Whole-body CD8⁺ T-cell PET imaging can detect spatial and temporal localization of CD8⁺ T cells. To obtain insight into early CD8⁺ T-cell response to immunotherapy in patients with melanoma, a highly immunogenic tumor, we performed serial PET imaging with the 1-armed CD8 antibody tracer ⁸⁹ZED88082A. Methods: Immunotherapy-naïve adult patients with stage IV melanoma underwent PET scanning 2 d after receiving 10 mg of ⁸⁹ZED88082A intravenously at baseline and 6-8 wk after initiation of standard-of-care immunotherapy. Tracer uptake in lesions, normal lymph nodes, and Waldeyer ring was assessed using SUV_max; other healthy tissue uptake was assessed using SUV_mean Uptake in tumors and healthy lymph nodes was expressed as the geometric mean SUV_max per patient and in healthy tissue as SUV_mean for all patients.
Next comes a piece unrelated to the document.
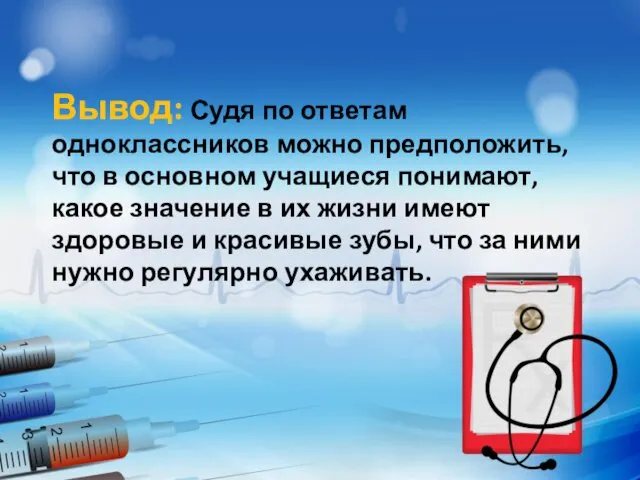 Вывод: Судя по ответам одноклассников можно предположить, что в основном учащиеся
Tumor response was evaluated in accordance with iRECIST version 1.1. Tumor tissue was immunohistochemically stained for CD8. Results: Serial imaging was performed for 10 of 11 enrolled patients. The geometric mean tumor SUV_max was 7.2 (95% CI, 5.6-9.4) before treatment and 7.3 (95% CI, 5.7-9.5; P = 0.89) during treatment, with spatial and temporal heterogeneity in tumor uptake. The spleen demonstrated the highest uptake among healthy tissues, and this value remained similar during treatment. After immunotherapy, 2 patients experienced a complete response, 7 a partial response, and 2 progressive disease. Changes in tumor uptake during treatment did occur but did not correlate with tumor response. Nine evaluable pretreatment tumor tissues showed a CD8-inflamed immune phenotype. Conclusion: Lesions demonstrated spatial and temporal heterogeneity in ⁸⁹ZED88082A uptake within and among patients with melanoma.